→ **PROBLEM TO WORK ON**
Although the entries hold pictures, only their words are printed back, exactly as given.

→ **SOURCE INFORMATION**

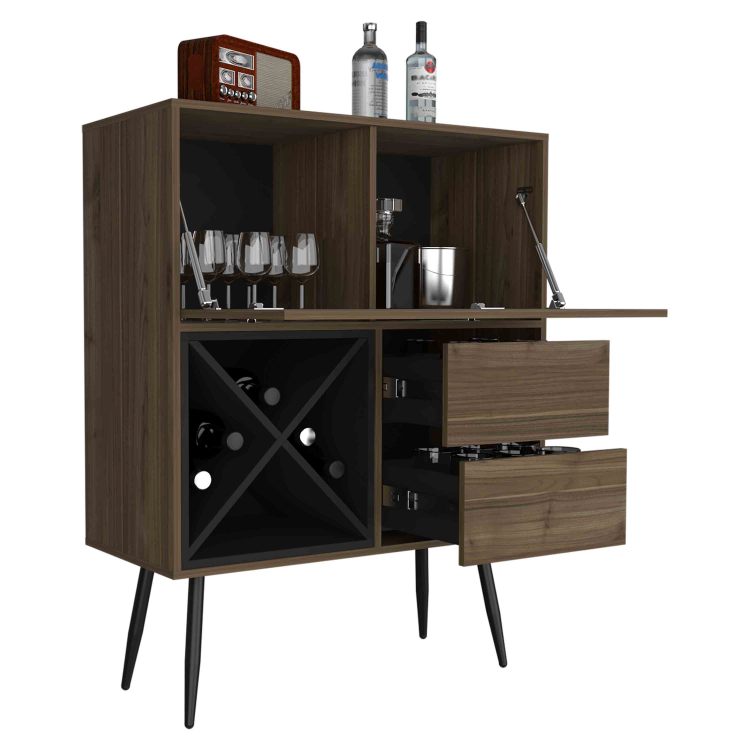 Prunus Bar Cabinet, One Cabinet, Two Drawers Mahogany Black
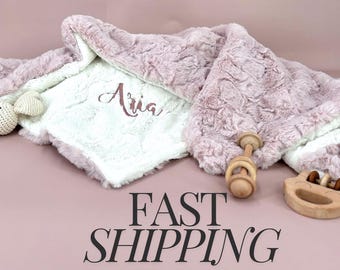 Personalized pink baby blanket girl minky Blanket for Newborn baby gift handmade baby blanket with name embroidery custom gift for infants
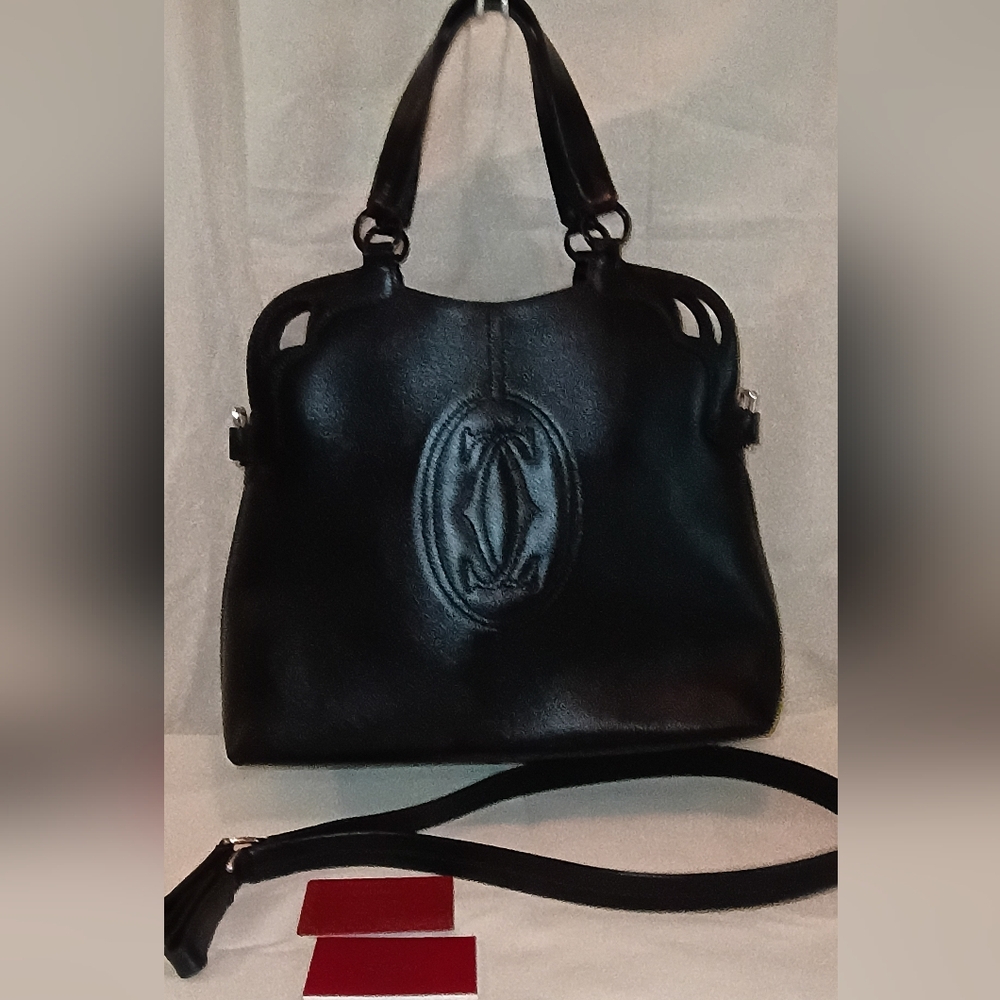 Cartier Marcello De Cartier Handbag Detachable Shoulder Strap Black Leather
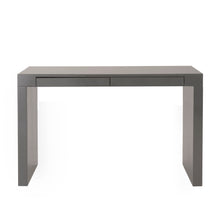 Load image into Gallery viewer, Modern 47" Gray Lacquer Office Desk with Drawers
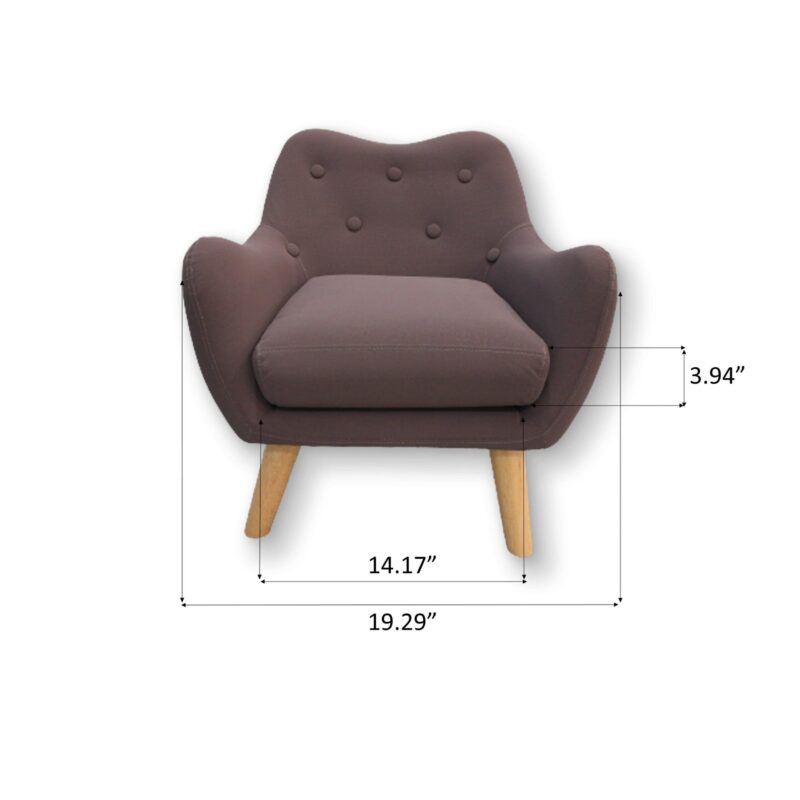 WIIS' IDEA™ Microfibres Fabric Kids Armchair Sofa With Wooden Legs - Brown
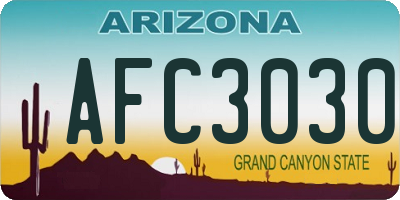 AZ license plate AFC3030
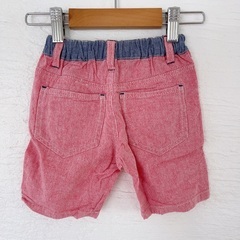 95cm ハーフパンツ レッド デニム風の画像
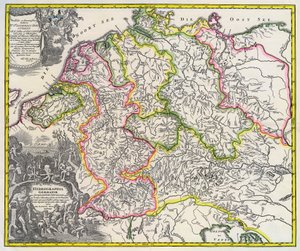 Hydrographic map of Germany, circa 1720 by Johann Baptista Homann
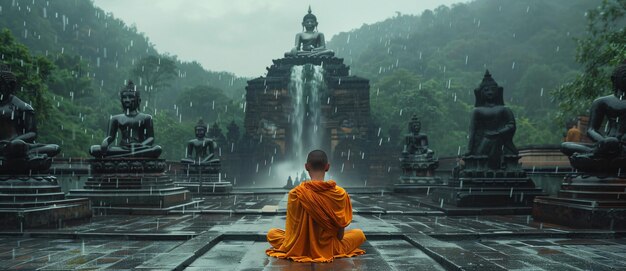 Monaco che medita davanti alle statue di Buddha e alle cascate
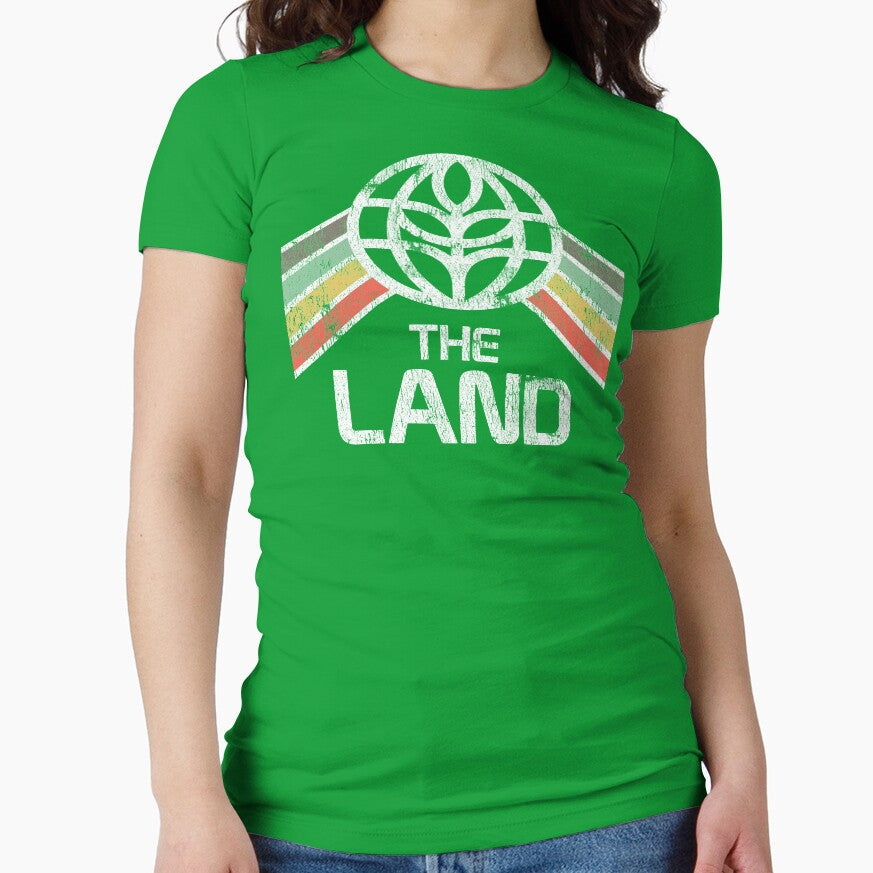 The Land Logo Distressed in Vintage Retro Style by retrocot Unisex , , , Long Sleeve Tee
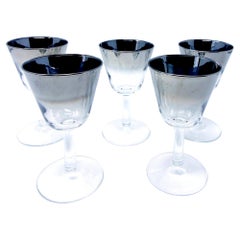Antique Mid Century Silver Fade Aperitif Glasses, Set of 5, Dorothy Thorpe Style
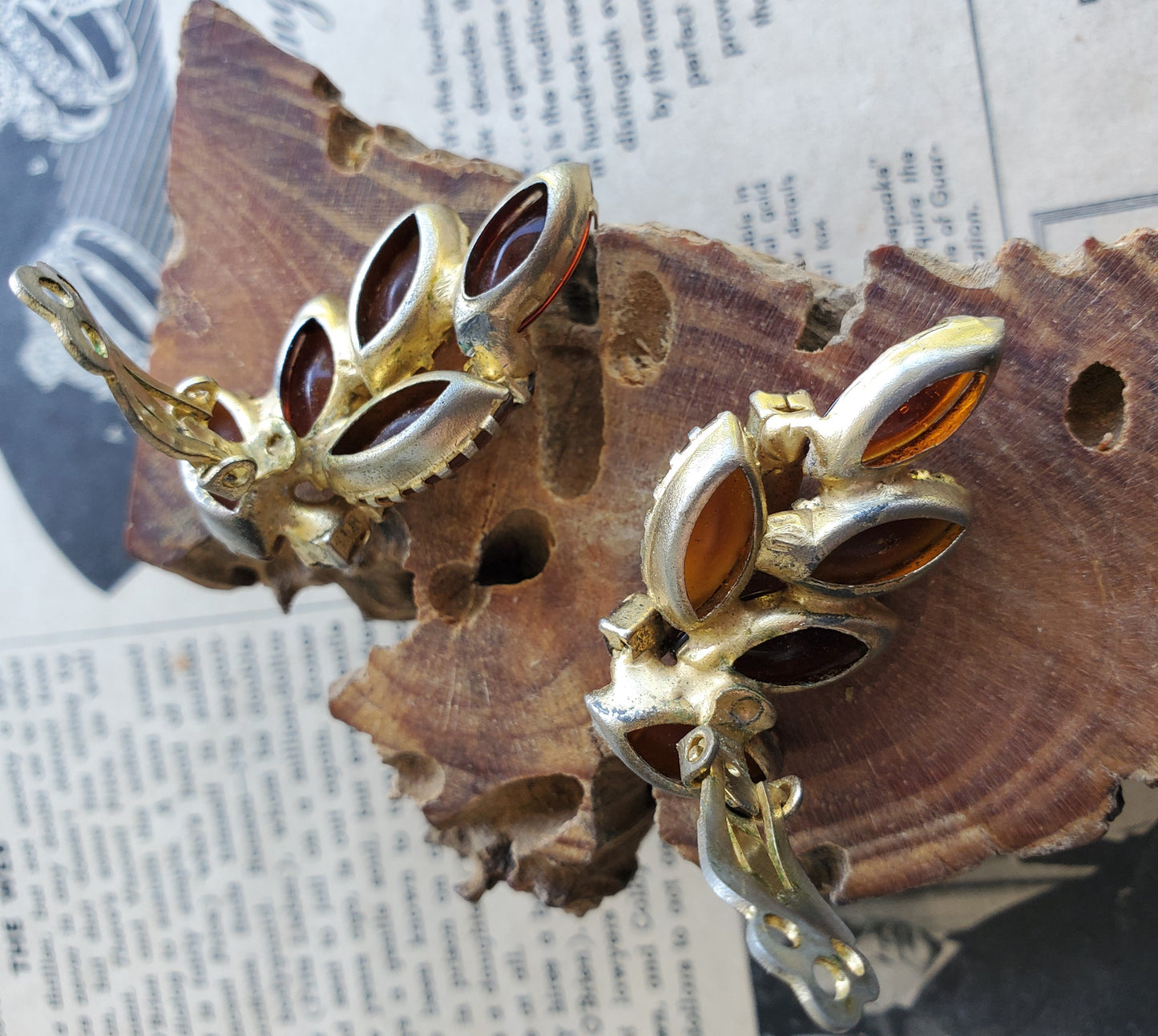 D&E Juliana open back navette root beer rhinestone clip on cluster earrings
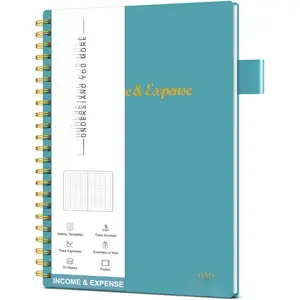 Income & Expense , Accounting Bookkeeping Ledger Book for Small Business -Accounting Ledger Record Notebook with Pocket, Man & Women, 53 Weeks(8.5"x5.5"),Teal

→ **WRITTEN RESPONSE**
 Prunus Bar Cabinet, One Cabinet, Two Drawers Mahogany Black
 Personalized pink baby blanket girl minky Blanket for Newborn baby gift handmade baby blanket with name embroidery custom gift for infants
 Cartier Marcello De Cartier Handbag Detachable Shoulder Strap Black Leather
 Load image into Gallery viewer, Modern 47" Gray Lacquer Office Desk with Drawers
 WIIS' IDEA™ Microfibres Fabric Kids Armchair Sofa With Wooden Legs - Brown
 AZ license plate AFC3030
 95cm ハーフパンツ レッド デニム風の画像
 Hydrographic map of Germany, circa 1720 by Johann Baptista Homann
 Monaco che medita davanti alle statue di Buddha e alle cascate
 The Land Logo Distressed in Vintage Retro Style by retrocot Unisex , , , Long Sleeve Tee
Antique Mid Century Silver Fade Aperitif Glasses, Set of 5, Dorothy Thorpe Style
 D&E Juliana open back navette root beer rhinestone clip on cluster earrings
 Income & Expense , Accounting Bookkeeping Ledger Book for Small Business -Accounting Ledger Record Notebook with Pocket, Man & Women, 53 Weeks(8.5"x5.5"),Teal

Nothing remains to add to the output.